Lorenz Curves: A global and national perspectives

economy
python
The charts show the distribution of income and wealth among countries and globally.
Published

May 18, 2025

Keywords

lorenz curves

Summary

This is a global graphical representation of income and wealth for the years 1995 and 2021. Illustrating the dynamics of inequality by comparing Gini indices through Lorenz curves, both within (intra-country) and between (inter-country) nations.

Code
# Libraries
# ===================================================
import requests
import pandas as pd
import numpy as np
import seaborn as sns
import matplotlib.pyplot as plt
import matplotlib.lines as mlines
import matplotlib.patheffects as patheffects

# Parameters
# =====================================================================
# Select between Income/Wealth
selection = 'Income'
year = 2021

# Data Extraction (Countries)
# =====================================================================
# Extract JSON and bring data to a dataframe
url = 'https://raw.githubusercontent.com/guillemmaya92/world_map/main/Dim_Country.json'
response = requests.get(url)
data = response.json()
df = pd.DataFrame(data)
df = pd.DataFrame.from_dict(data, orient='index').reset_index()
df_countries = df.rename(columns={'index': 'ISO3'})

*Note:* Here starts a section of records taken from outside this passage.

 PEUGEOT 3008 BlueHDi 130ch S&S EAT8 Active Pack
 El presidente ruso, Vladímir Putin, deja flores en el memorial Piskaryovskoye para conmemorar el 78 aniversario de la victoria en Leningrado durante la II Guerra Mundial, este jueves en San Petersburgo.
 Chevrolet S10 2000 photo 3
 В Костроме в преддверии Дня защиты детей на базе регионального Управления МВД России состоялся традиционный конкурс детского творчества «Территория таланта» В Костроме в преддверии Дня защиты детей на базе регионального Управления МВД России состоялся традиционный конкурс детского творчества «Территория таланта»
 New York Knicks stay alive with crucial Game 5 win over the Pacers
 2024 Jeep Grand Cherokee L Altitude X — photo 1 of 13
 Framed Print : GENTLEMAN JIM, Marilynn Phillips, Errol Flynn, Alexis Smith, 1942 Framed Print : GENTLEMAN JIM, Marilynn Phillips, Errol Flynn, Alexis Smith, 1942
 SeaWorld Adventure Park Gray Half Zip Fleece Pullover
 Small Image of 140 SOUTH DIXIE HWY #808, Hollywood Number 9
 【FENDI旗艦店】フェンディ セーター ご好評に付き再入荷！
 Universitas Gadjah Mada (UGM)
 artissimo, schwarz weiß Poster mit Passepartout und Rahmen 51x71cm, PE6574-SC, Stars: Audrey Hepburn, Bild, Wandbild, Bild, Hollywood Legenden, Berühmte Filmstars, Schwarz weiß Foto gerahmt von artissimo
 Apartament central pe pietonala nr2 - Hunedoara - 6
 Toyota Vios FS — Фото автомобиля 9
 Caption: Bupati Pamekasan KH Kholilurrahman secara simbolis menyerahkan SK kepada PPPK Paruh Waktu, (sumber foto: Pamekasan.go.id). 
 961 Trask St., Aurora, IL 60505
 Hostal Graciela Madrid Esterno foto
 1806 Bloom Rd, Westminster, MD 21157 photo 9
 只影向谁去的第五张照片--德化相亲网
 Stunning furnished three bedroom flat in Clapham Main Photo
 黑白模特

# Data Extraction (Percentages)
# ===================================================
# URL GitHub
url = "https://raw.githubusercontent.com/guillemmaya92/Python/main/Data/WID_Percentiles.parquet"

# Extract data from parquet
df = pd.read_parquet(url, engine='pyarrow')

# Filter year
df = df[df['year'] == year]

# Data Extraction (Values)
# ===================================================
# URL GitHub
url = "https://raw.githubusercontent.com/guillemmaya92/Python/main/Data/WID_Values.parquet"

# Extract data from parquet
dfv = pd.read_parquet(url, engine='pyarrow')

# Filter year
dfv = dfv[dfv['year'] == year]

# Extract world values
gincomew = dfv.loc[dfv['country'] == 'WO', 'gincome'].iloc[0]
gwealthw = dfv.loc[dfv['country'] == 'WO', 'gwealth'].iloc[0]

# Extract countries weighted average values
dfincome = dfv[dfv['country'].isin(df_countries['ISO2']) & dfv['gincome'].notnull() & dfv['population'].notnull()]
dfwealth = dfv[dfv['country'].isin(df_countries['ISO2']) & dfv['gwealth'].notnull() & dfv['population'].notnull()]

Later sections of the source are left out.